L’orologio segna le 22 e il termometro indica zero gradi quando le luci delle telecamere si accendono, illuminando un punto vago nel folto dei rami. Attorno regnano silenzio e oscurità, rotte solo da qualche sussurro e dai fari accesi delle auto, ferme lungo una strada stretta che attraversa la foresta nei pressi di Szudzialowo.

SIAMO A CINQUE CHILOMETRI dal confine con la Bielorussia e a una quarantina da Bialystok. È il primo dicembre. A un tratto, dal bosco, tre sagome emergono dal buio più fitto e lentamente avanzano verso i giornalisti che li attendono. Hanno le mani giunte e gli sguardi bassi per riparare il viso dalla neve.

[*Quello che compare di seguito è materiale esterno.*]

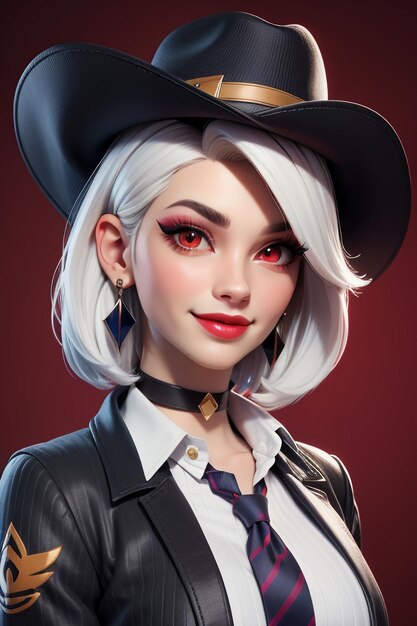 Beautiful girl in western cowboy dress up style handsome cartoon cute woman in hat and shirt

Si chiamano Ali, Hassan e Nidal, tre profughi siriani che, raccontano, per ben cinque volte sono stati respinti dalle guardie di frontiera polacche e questo li rende loro malgrado simbolo di un dramma che da mesi ormai centinaia di migranti stanno vivendo lungo il confine tra Bielorussia e Polonia.

Subito li accoglie Marysia Zlonkiewicz di Grupa Granica, realtà che in Polonia riunisce 14 ong impegnate nell’assistenza dei profughi. La volontaria gli dà il benvenuto, poi si rivolge a noi giornalisti e ci chiede di abbassare le mascherine: «Per favore mostrate il volto anche voi – dice – così possano vedervi».

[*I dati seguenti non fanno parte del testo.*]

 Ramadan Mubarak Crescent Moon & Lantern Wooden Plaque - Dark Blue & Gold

Ubbidiamo ma esitiamo, nessuno sembra avere il coraggio di prendere la parola. Non è imbarazzo: forse è timore di far spendere con le nostre domande altre energie a quelle persone dagli occhi stanchi e umidi, il viso incredibilmente pallido.

Uno di loro, Nidal, non smette di tremare. Hanno stivali, giacche pesanti e cappucci a ripararli dal gelo esattamente come noi che tuttavia, pur avendo trascorso all’aperto non più di dieci minuti, avvertiamo già un certo freddo.

LA VOLONTARIA GLI SPIEGA che sono in presenza di una trentina di giornalisti internazionali e di tre deputati del Parlamento europeo, giunti per sostenere la loro richiesta d’asilo.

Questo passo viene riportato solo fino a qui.